Все эти соображения, однако, остаются гипотетическими, поскольку неизвестно, чем руководствовались А. А. Буткевич и С. И. Пономарев, превращая части «О погоде» в самостоятельные произведения, имелись ли какие-нибудь указания автора на этот счет.
Датируется «О погоде» в соответствии с авторскими пометками. Исходя из общей даты первой части в прижизненных изданиях (1858–1859), дату «27 декабря» под «Утренней прогулкой», опубликованной в январской книжке «Современника», следует отнести к 1858 г. Время создания последней главки – «Сумерки», – опубликованной в мартовской книжке того же журнала, проходившего цензуру 1 и 15 марта, – между 10 февраля и 15 марта 1859 г. Датировка второй части определяется следующими соображениями. К ст. 114 «Крещенских морозов» в рукописи имеется примечание автора: «Писано в разгар деятельности М. Н. Муравьева и М. Н. Каткова». Это дает основание утверждать, что работа над названной сатирой велась в 1863–1864 гг., может быть, еще вне связи с комментируемым циклом: общее заглавие «О погоде» и примечание к № V вписаны позже. Подзаголовок «Часть вторая» отсутствует. Рукопись сильно правлена. В частности, центральный эпизод «Кому холодно, кому жарко!» (ст. 81-120 – о том, как «лихо потешились» франты над девушками-модистками) – на вставке: видимо, это писалось позже, чем остальной текст. Анализ рукописи привел М. Я. Блинчевскую к справедливому выводу, что работа над второй частью была продолжена и в 1865 г. (ПССт 1967, т. II, с. 625–626); при этом велась она, очевидно, непосредственно в процессе подготовки к печати. Конечные даты могут быть определены на основании цензурных разрешений февральской и мартовской книжек «Современника» 1865 г., где печатались главки второй части, – 12 марта и 21 апреля. Пометы на рукописи с просьбой вернуть «эти листы», по-видимому, свидетельствуют о намерении автора вернуться к работе над текстами второй части.

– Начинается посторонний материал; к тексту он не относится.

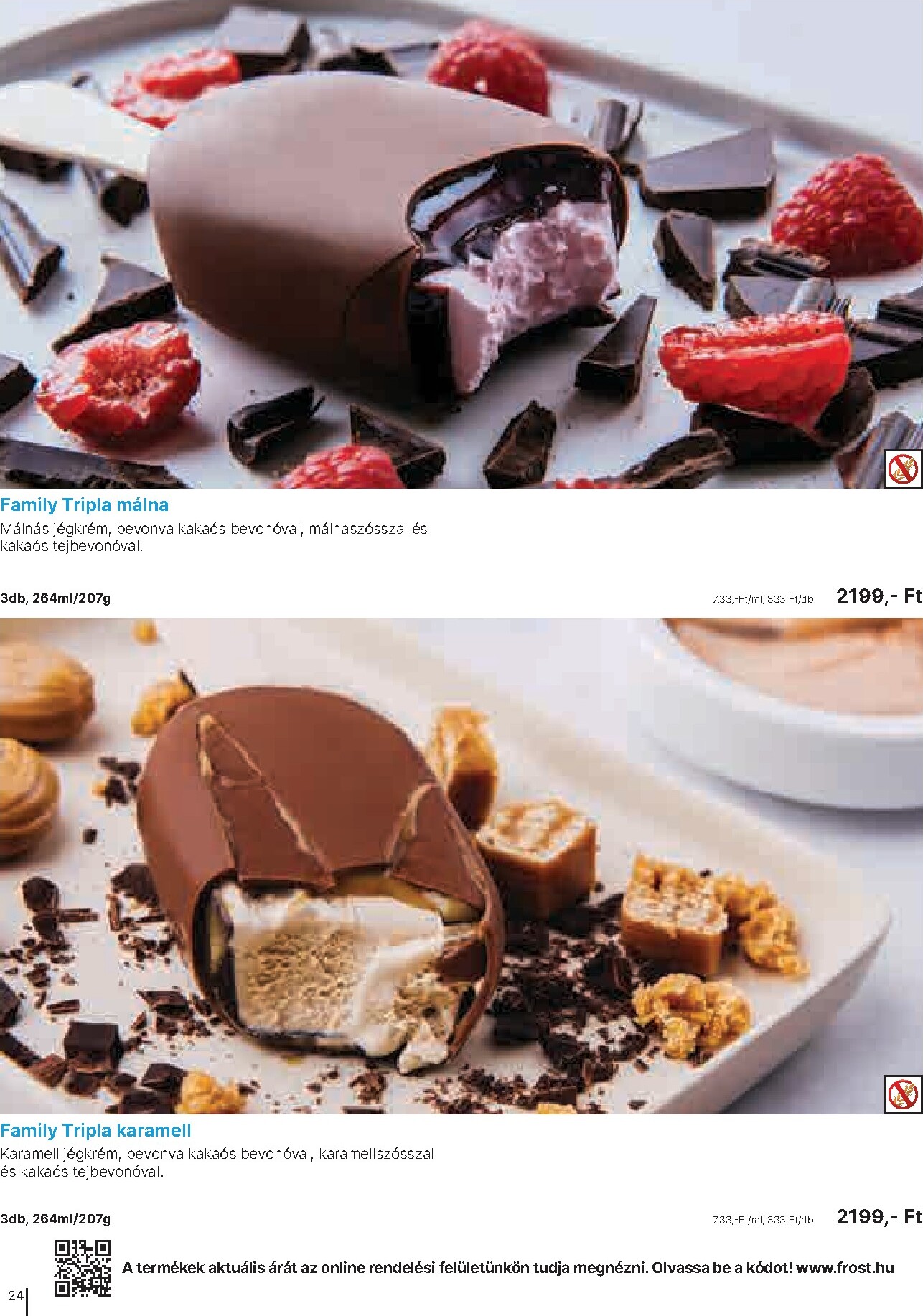 family-frost - Family Frost - Katalógus akciós újság, érvényes 2025.10.01. - 2026.05.31. - page: 24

«О погоде» – одно из наиболее значительных произведений некрасовской урбанистической лирики, с характерным для Некрасова восприятием современного города как средоточия душераздирающих противоречий, контрастов и драм, вся тяжесть которых ложится на плечи социальных низов. Некрасовский урбанизм сложился очень рано, еще в его прозе первой половины и середины 1840-х гг., и наиболее полно выражен в незаконченном романе «Жизнь и похождения Тихона Тростникова» (1843–1848):
«Петербург – город великолепный и обширный! Как полюбил я тебя, когда в первый раз увидел твои огромные домы, в которых, казалось мне, могло жить только счастие <…> Но прошло несколько лет…
Я узнал, что у великолепных и огромных домов, в которых замечал я прежде только бархат и золото, дорогие изваяния и картины, есть чердаки и подвалы, где воздух сыр и зловреден, где душно и темно и где на голых досках, на полусгнившей соломе в грязи, стуже и голоде влачатся нищета, несчастье и преступление. Узнал, что есть несчастливцы, которым нет места даже на чердаках и подвалах, потому что есть счастливцы, которым тесны целые домы…
И я спустился в душные те подвалы, поднялся под крыши высоких домов и увидел нищету падающую и падшую <…> И сильней поразили меня такие картины, неизбежные в больших и кипящих народонаселением городах, глубже запали в душу, чем блеск и богатства твои, обманчивый Петербург! И не веселят уже меня твои гордые здания и всё, что есть в тебе блестящего и поразительного!..» (ПСС, т. VI, с. 262–263).